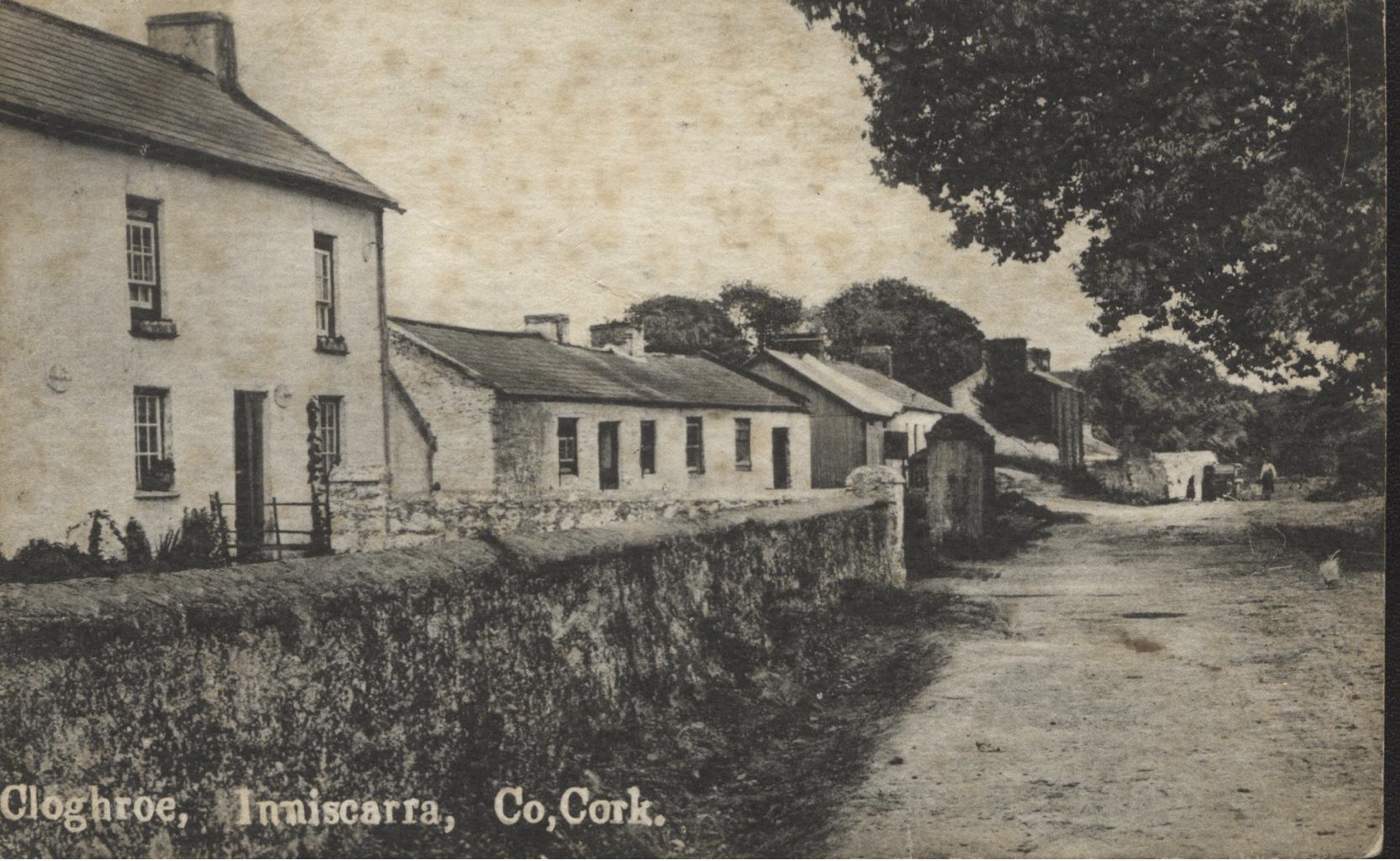 Cloghroe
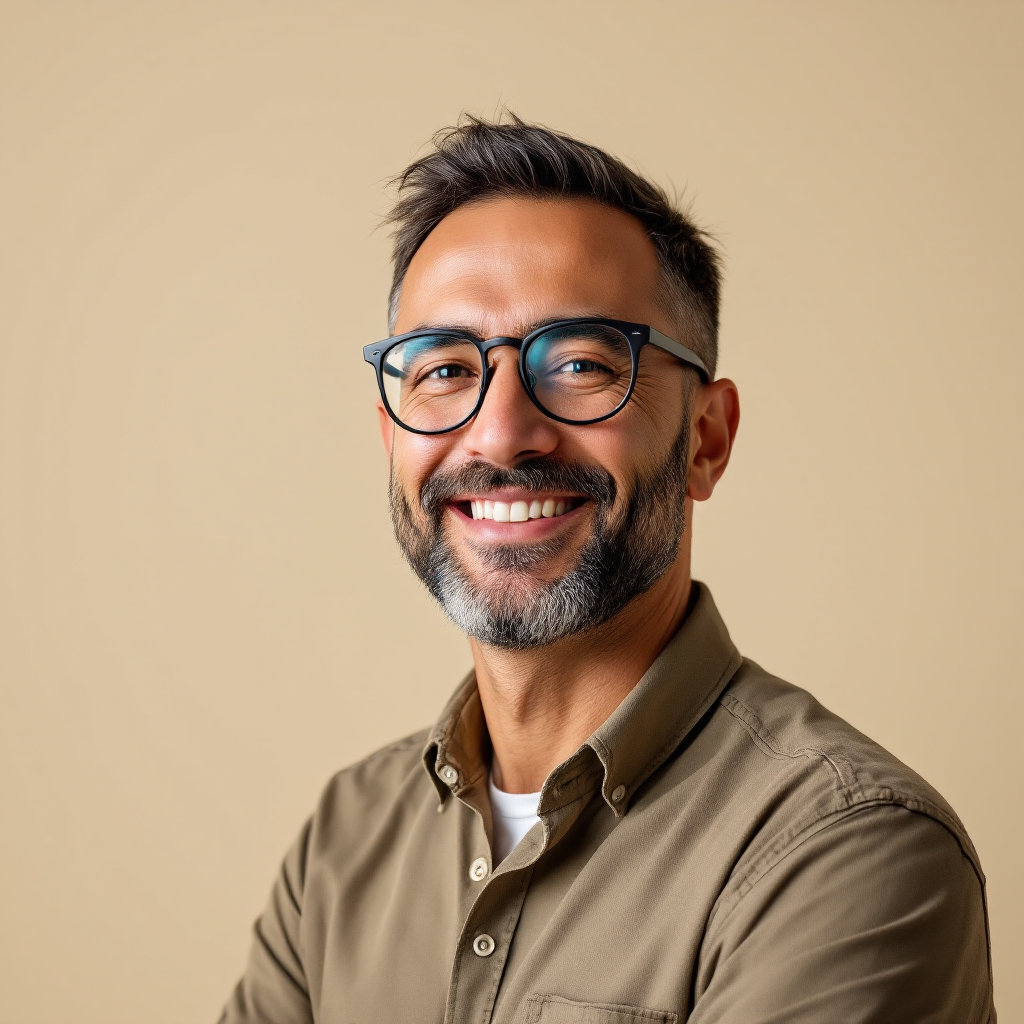Carlos, persona ilustrativa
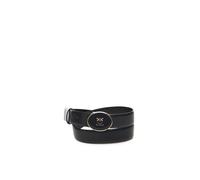 PINKO Belt Woman color Black - Size: M - female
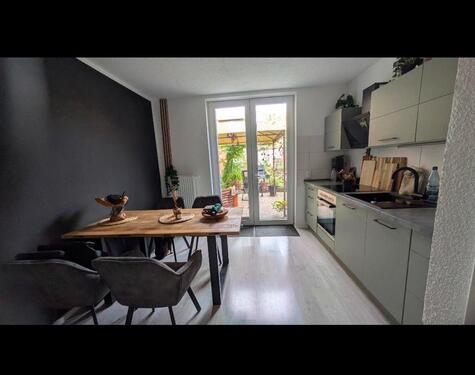 Foto - Etagenwohnung zur Miete in Apolda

- **WHAT TO WORK ON**
Repeat the listing verbatim without its pictures.

- **SOLUTION FOR THIS PROBLEM**
 Cloghroe
Carlos, persona ilustrativa
 PINKO Belt Woman color Black - Size: M - female
 Foto - Etagenwohnung zur Miete in Apolda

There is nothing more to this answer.